David Goodman's City Room piece on the PPW bike lane survey includes the first new information in months about the extent of former DOT Commissioner Iris Weinshall's involvement in efforts to do away with the current design.
Following the October demonstrations where bike lane proponents vastly outnumbered naysayers, Weinshall and other opponents have not let up in their campaign to undo the re-design. Together with fellow PPW resident and former deputy mayor Norman Steisel, Weinshall, who directly preceded Janette Sadik-Khan as DOT chief, has sat down with City Council members and discussed her wishes to see the old three-lane speedway come roaring back, Goodman reports:
Since the Park Slope protests, some well-connected people, including a former city transportation commissioner, have lobbied for changes to the current lane. Iris Weinshall, the transportation commissioner from 2000 to 2007 and the wife of Senator Charles E. Schumer, and Norman Steisel, a former deputy mayor, had breakfast last month with Mr. Lander and, shortly after, with Mr. Levin.
“They made very clear that their goal is to see the bike lane removed and the old configuration restored,” Mr. Lander said in an e-mail.

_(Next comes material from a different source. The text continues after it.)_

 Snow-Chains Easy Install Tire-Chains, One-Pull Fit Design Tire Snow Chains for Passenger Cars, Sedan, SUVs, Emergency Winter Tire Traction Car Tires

Ms. Weinshall said in a telephone interview on Tuesday that she “had concerns over all about safety elements of the bike lane and the level of both community input and the data that’s being made available to the community.”
Ms. Weinshall had previously declined to comment on the lane, with speculation in the cycling press swirling around her role in opposing it.

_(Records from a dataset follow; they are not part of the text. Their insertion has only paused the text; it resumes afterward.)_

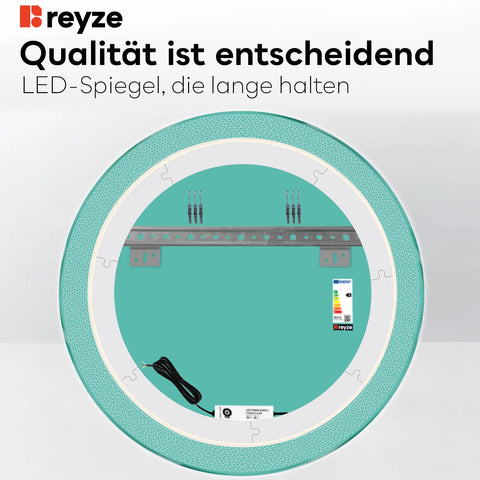 LED Spiegel Rund | Wandschalter-Steuerung | Neutralweißes Licht - Reyze Seria Simetria Model 4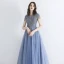 Chic / Belle Bleu Ciel Transparentes Robe De Soirée 2019 Princesse Encolure Carrée Manches Courtes Perlage Gland Longue Volants Dos Nu Robe De Ceremonie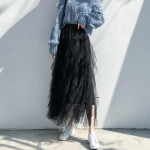 Moodne Tutu t&uuml;llseelik Naiste pikk Maxi seelik Kevadine korea must roosa k&otilde;rge v&ouml;&ouml;kohaga plisseeritud seelik naistele One Size must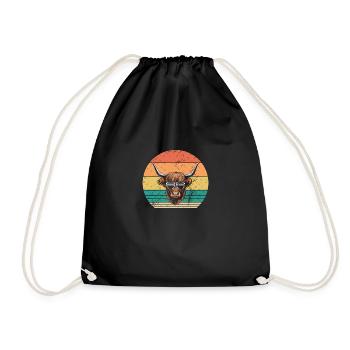 Cow Cattle Highland Cattle - Drawstring Bag - black - Front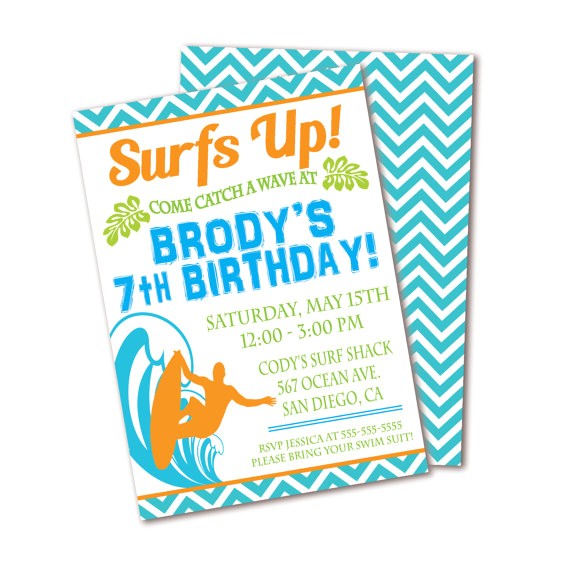 Surf S Up Birthday Party Invitations Surf Birthday Party Invitation Surf S Up Pool Party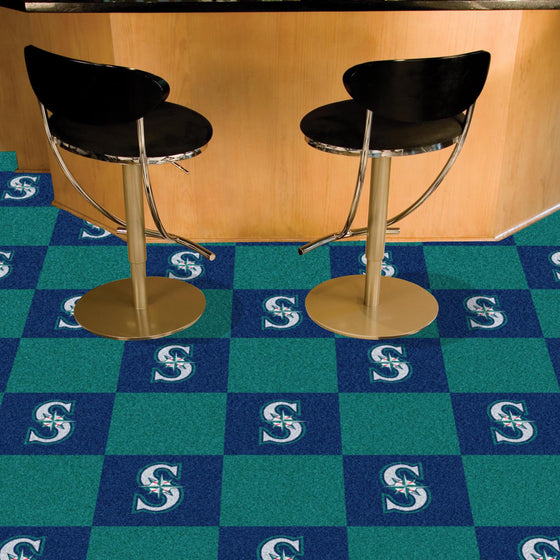 Seattle Mariners Team Carpet Tiles - 45 Sq Ft.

“I’m not opposed to bike lanes,” Ms. Weinshall said. “I put in a number of them as commissioner, including the lane on Plaza Street” that connects to Prospect Park West.
The most dangerous activity I can imagine on Prospect Park West -- barreling down the street in a multi-ton vehicle at deadly speeds -- is down dramatically since the re-design took effect. A safety-based rationale for returning to three wide lanes of traffic defies explanation.
In related news, Weinshall is rumored to have a shot at replacing the widely respected Chris Ward as head of the Port Authority, if Andrew Cuomo gives the word.